Populist Songs

VDH has a discussion of Oliver Anthony, the artist Douglas introduced us to just before he became a sensation.

After Anthony rails against high taxes, a worthless dollar, and ossified wages, he suddenly and strangely pivots both to Jeffrey Epstein—as the incarnation of the corrupt rich—and the subsidized morbidly obese as proof of the baleful effects of the entitlement industry on the poor. Variatio in themes and expression, as the ancients remind us, is the key to good prose and poetry, and Anthony’s song is anything but predictable in its targeting of both the masters of the universe and the welfare class.

That set of lines drew most of the wrath, but it makes a lot of sense. If the anger at the system is appropriate, as it certainly is, you should be able to show both that those who run the system are bad, and that those who are affected most by the system are harmed by it.
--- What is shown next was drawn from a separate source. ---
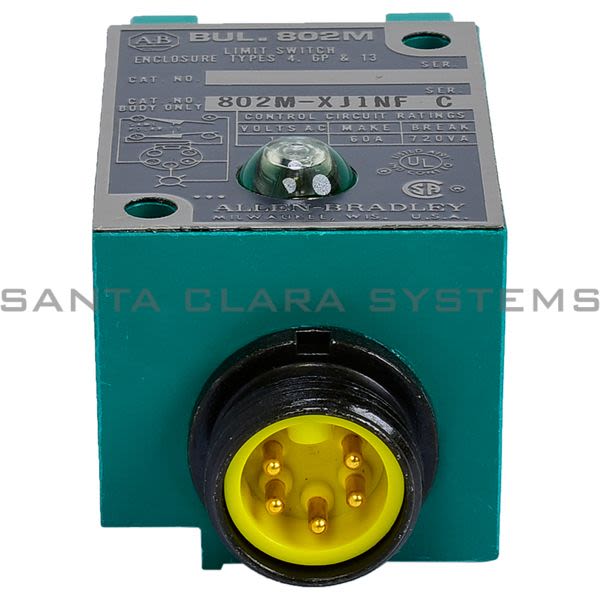 Allen Bradley 802M-XJ1NF Pre-Wired Factory Sealed Limit Switch Switch Only 2 Circuit 120V Pilot Light Product Image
The accusation is not that the poor on welfare are bad people, but that they are being actively harmed by the system that allegedly benefits them.

One libertarian critic, David Henderson, writing for the website Econlib, complained that Anthony doesn’t understand that “some rich people want to reduce the amount of power the government has over us.” Finally, another commentator on the right, Stephen Daisley, writing for The Spectator, penned an article that was subheaded “Roger Scruton would have thought this country hit was worthless.” The Scottish opinion journalist further groaned of the song’s lyrics, “That is dreck. Doggerel. Objectively bad writing. . . . ‘North of Richmond’ is a squall of hoary nostalgia and pedestrian populism.” Daisley apparently assumes that Anthony should have been a polished literary polemicist rather than a talented failure turned wildly successful singer who wrote from the underbelly of America—a vantage point quite different from Daisley’s own perch.

Well, it wasn't for them. It was for everybody else. 

For this particular elite, rural America’s assumed bias, racism, and sexism offer a tempting target for virtue-signaling, airy lectures, and self-righteous stereotyping. Through a near-medieval sort of exemption, elite progressives relieve the burdens of their own racial guilt by transferring the charge of supposedly unearned white “privilege” to those who rarely had any innate advantage at all.

This is the best insight of the piece. The fact is that working man's wages aren't less affected by these disastrous policies if they're white or if they're black. What he's angry about isn't the things that his critics would like him to be angry about. He's angry that the government is actively harming its citizens rather than actually helping them. It's a betrayal of the mutual loyalty that government is supposed to entail. 

Arguing in favor of that mutual loyalty is, for this elite, itself an affront. The idea that the American government should principally help Americans to prosper and live safe, meaningful lives is described in negative terms like "populist," "white supremacist" (though many Americans are not white, and would benefit right alongside those who are) and even "fascist." 

The concept is actually a necessary condition for any legitimate governance. Even in a feudal society, the king depends upon the knights who, in return for their establishment, keep the king in power. The knights depend upon the king, but also upon the people who farm the land. The knights provide protection in both directions, when the system is legitimate: they protect the king and his order, but also the people from bandits and predation. When that works ideally, the system has a kind of legitimacy.

Lately the idea has become fashionable among the elite that universality rather than loyalty is the mark of legitimacy. We should all live under the same rules, not favoring Americans more than Iranians or the People's Republic of China. That shows we aren't prejudiced, they say; and the fact that the Chinese or Iranian governments don't feel the same way (Iran still holds an annual "Death to America" day) just proves that we are the more evolved and better.

If that sounds like madness, it is. It's all bad philosophy. They read Kant, but they didn't grasp that Kant's attention to the universal didn't mean that he wouldn't believe that you owed more to your father than to any random stranger on the street. 

For those who still believe in bonds of honor, there's this song.

2 comments:

douglas said...

You have to love that VDH used a painting of a soldier playing the theorbo at the head of the piece. Perfect.

douglas said...

Or the editors at New Criterion. Whoever it was, inspired choice.